Wednesday, January 04, 2006

Could We Be a New Yorker Reader? Parte Deux

Could We Be A New Yorker Reader?
Parte Deux: Dr. Seymour M. Hersh
and the Inspiration of Tyrone.

Did we have the "right stuff" to be a New Yorker reader?

As we took our hands off our eyes and began reading the first article we were pleasantly surprised. One article was called "Letter from Pennsylvania, Darwin in the Dock, Intelligent design goes to school."

We already knew where Pennsylvania was and so we didn't feel the need to read that one.

"Corduroy rules," was the title of a USA Today-length article in a section called "The Talk of the Town" on December 5. As a guy living in Peoria, we have owned corduroy pants our whole lives.

In another issue we saw, "How the White Sox won." Besides the cartoons, The New Yorker had sports too. There was just more and more common ground between us and readers of The New Yorker.

Since we already got Sports Illustrated, The Sporting News, ESPN The Magazine, and USA Today we already knew that the (Chicago) White Sox won the (baseball) World Series so we didn't need to read that article either.

In reading another article we saw that the writer was Seymour M. Hersh, who is also our urologist at the County Free Health Clinic! We actually knew a writer for The New Yorker!

So having read a "critical mass" of the "allegedly" "daunting" "articles" in The New Yorker we now just leafed through some other issues, to soak up the "milieu" as a New Yorker reader would say.

As we went through more and more we noticed that apparently they had a mascot, "Eustace," we forget his last name, who was pictured on the index of every issue.

"Eustace" wore a top hat and looked down his nose at a butterfly through a pair of those old-fashioned glasses that you have to hold up to your eyes because they don't go behind your ears.

Then something clicked in our head again like it did when we saw the sign "This is not a library!" in Abdul's newsstand: How could we spot a New Yorker reader when we saw one?

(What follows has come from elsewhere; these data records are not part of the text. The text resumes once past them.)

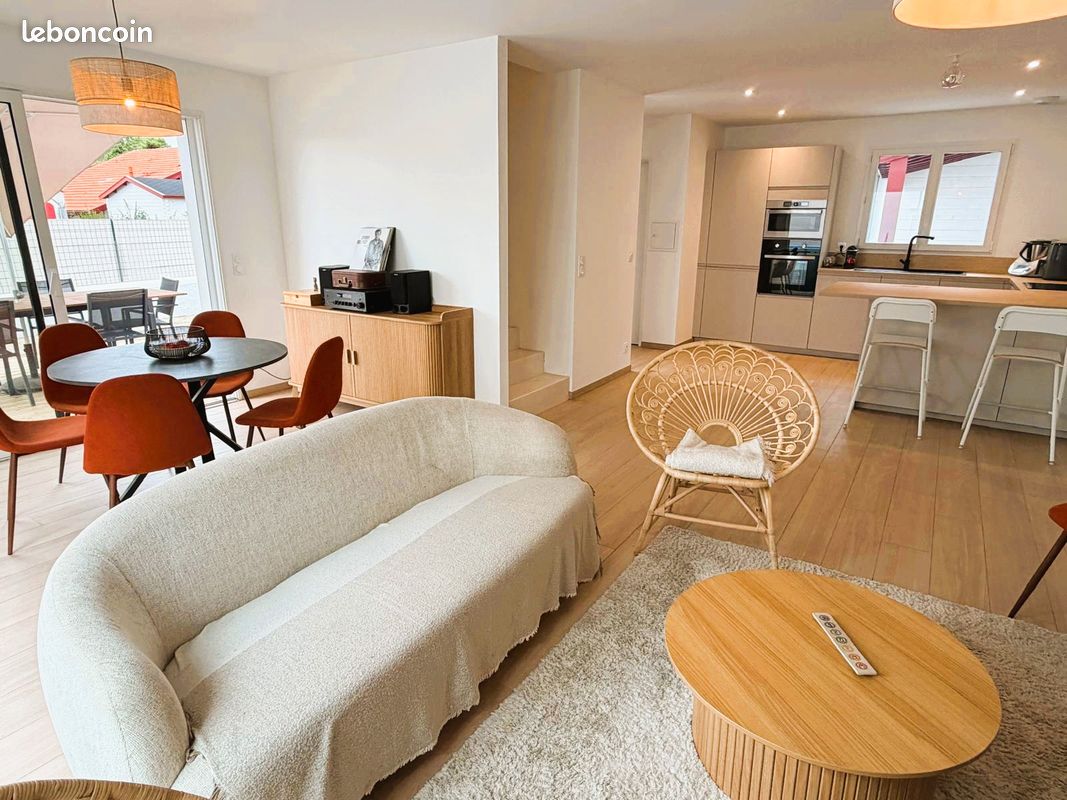 Maison 5 pièces 101 m² · à Ustaritz · 101 m² · 477 000 €
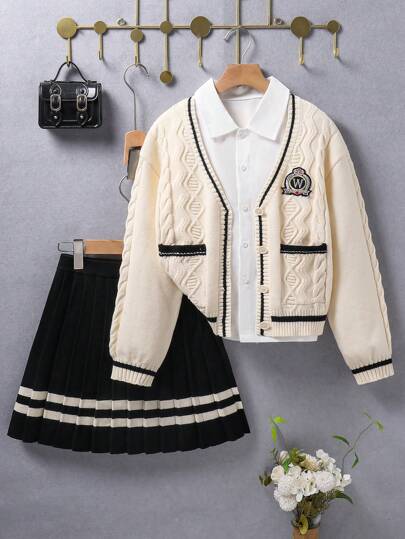 SHEIN Explorewe Tween Girl 秋冬学院风 JK 套装 - 毛衣开衫 + 公主百褶裙，时尚毛衣裙，适合上学或户外运动
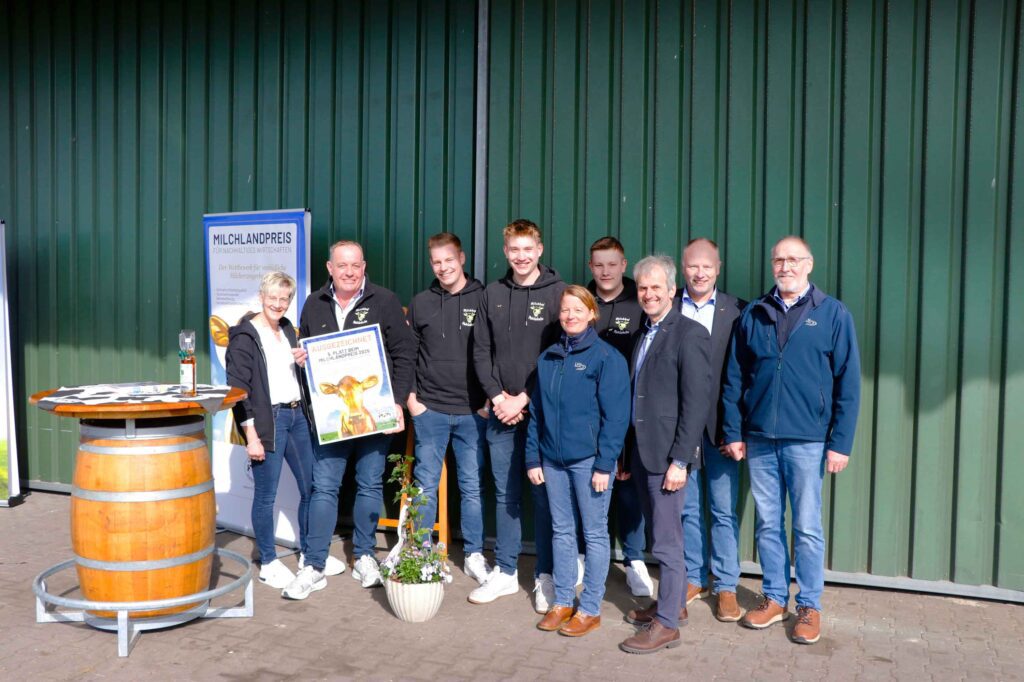 Hofschildübergabe Pohlabeln_Milchlandpreis 2025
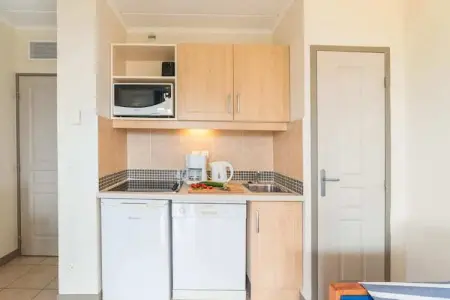 Pierre & Vacances Village Le Rouret Studio 4 People - 1 Sleeping Area - Terrace Or Balcony, Appartement de vacances en Ardèche pour 4 personnes - Photo 9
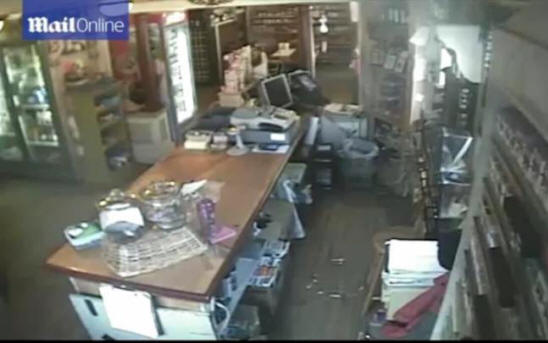 A Guildford, l'invisibile ha gettato piatti di vetro dal tavolo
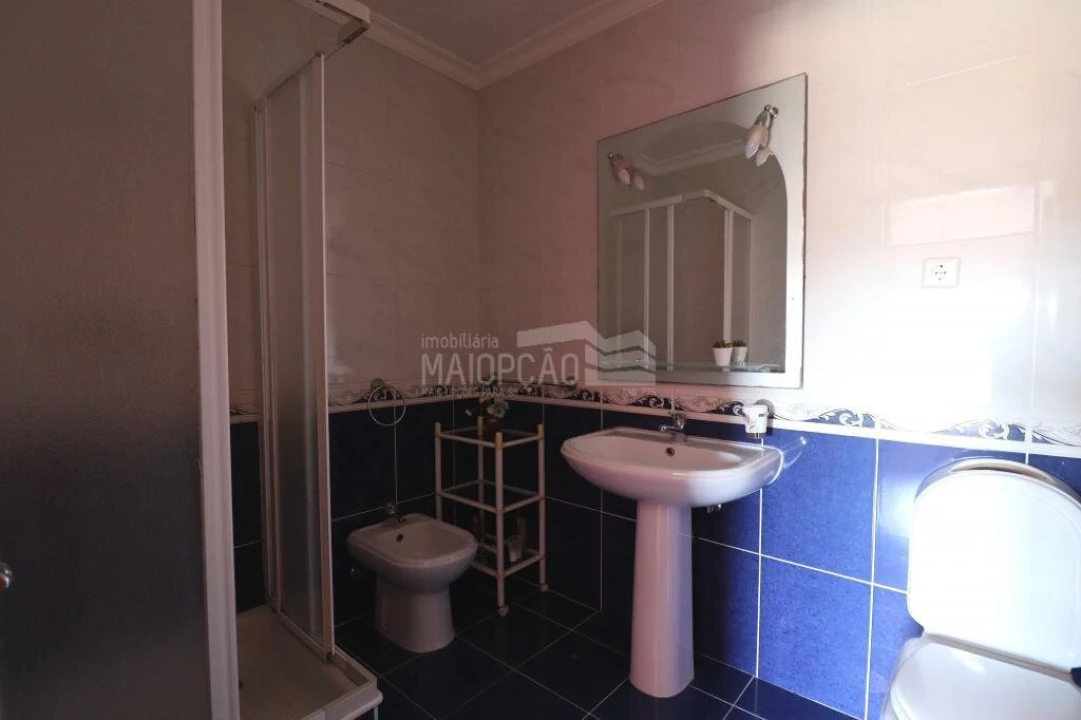Apartamento T3 para Venda em Sé, Santa Maria e Meixedo Foto 13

We thought for a second that maybe they all dress like Eustace but then we thought that was stupid. Do the Philadelphia Phillies dress like the Phillie Phanatic?

Don't make us laugh.

What it was was that The New Yorker was a very old magazine. It went back to the Truman administration in the 1920s and more people back then must have dressed like Eustace. They just didn't update the mascot's look.

What clicked in our heads when we were thinking about all of this was that to be a New Yorker reader you had to LOOK like a New Yorker reader. We recalled something our friend Tyrone said one time at the Free Clinic when we asked him why he was dressed in a gangster-striped suit, spats, and a black shirt. Tyrone said, "If I'm going to be impo'tent, I'm going to look impo'tent."

We had always remembered that.

We needed to find out what modern New Yorker readers wore and what stuff they bought if we were to be able to recognize them, go to the places they went, hopefully meet some of them, do the things they do, and ultimately, BECOME one of them.